REFERRING TO FIG. 11 Shows a sheet of abrasive folded at its centre and with punched holes 40 adjacent to the edges of the sheet. The retaining wires 6 are then passed through these holes to load the sheets into the tool.
Finally, it is to be understood that the inventive concept in any of its aspects can be incorporated in many different constructions so that the generality of the preceding description is not to be superseded by the particularity of the attached drawings. Various alterations, modifications and/or additions may be incorporated into the various constructions and arrangements of parts without departing from the spirit or ambit of the invention.

Claims

1. A flail sanding tool suitable for use with a driver, the tool assembly being suitable for work operations such as grinding, polishing, sanding, finishing and the like,

the flail sanding tool providing a central shaft positioning a disk at each end and a drive spindle at one end, and the flail sanding tool providing a plurality of vertical tendons at the perimeter of the disks to capture and present abrasive/polishing elements to a work piece,

such vertical tendons being permanently attached to the disk at one end but releasable from the disk at the other end for the purpose of loading and unloading the abrasive/polishing elements,

such tendons having a shape to provide an outward bias so as to assure a positive location in the disk at the releasable end.
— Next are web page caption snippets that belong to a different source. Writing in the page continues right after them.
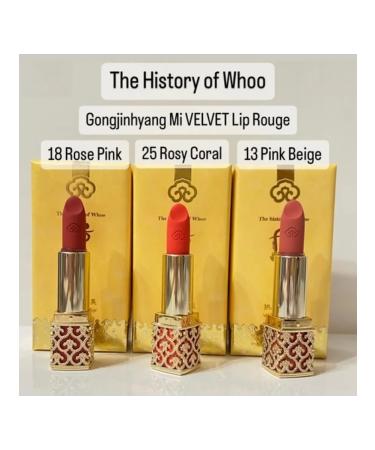 The History of Whoo Lipstick No25 Gongjinhyang Mi Velvet Lip Rounge - Buy Online on GoSupps.com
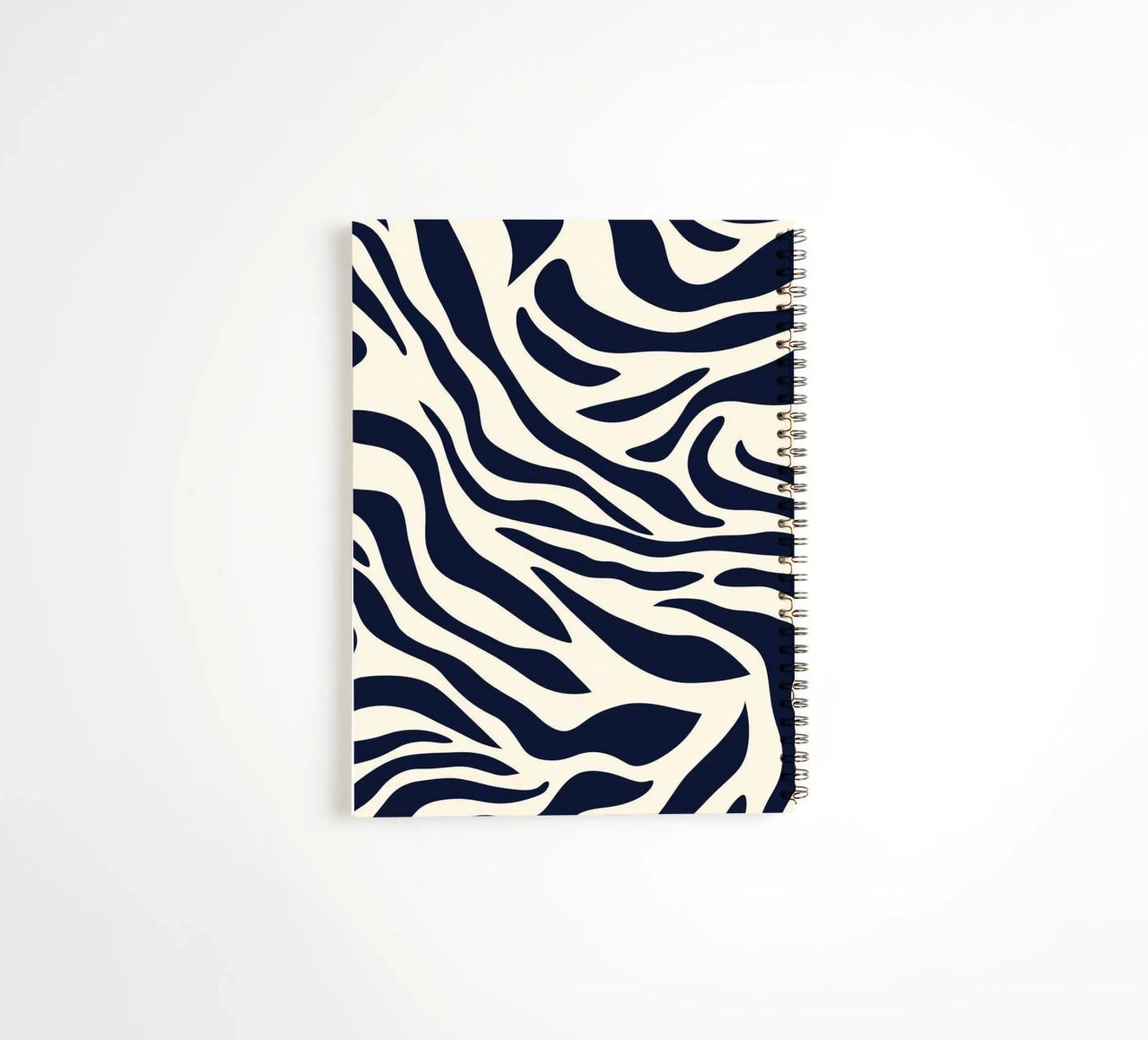 Zebra Print Pattern spiral notebook by graphic design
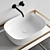 Dream Countertop Ceramic Washbasin 3D model small image 2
2. A flail sanding tool according to claim 1 wherein the flail sanding tool is suitable for use with a driver which includes a drilling machine including a motor, a drive spindle, and a drill chuck; the drive drum being operatively connectable to the drill chuck by the provided drive spindle.

3. A flail sanding tool according to claim 1 where the abrasive/polishing elements may be tubular sleeves.

4. A flail sanding tool according to claim 1 where the abrasive/polishing elements may be sheet materials.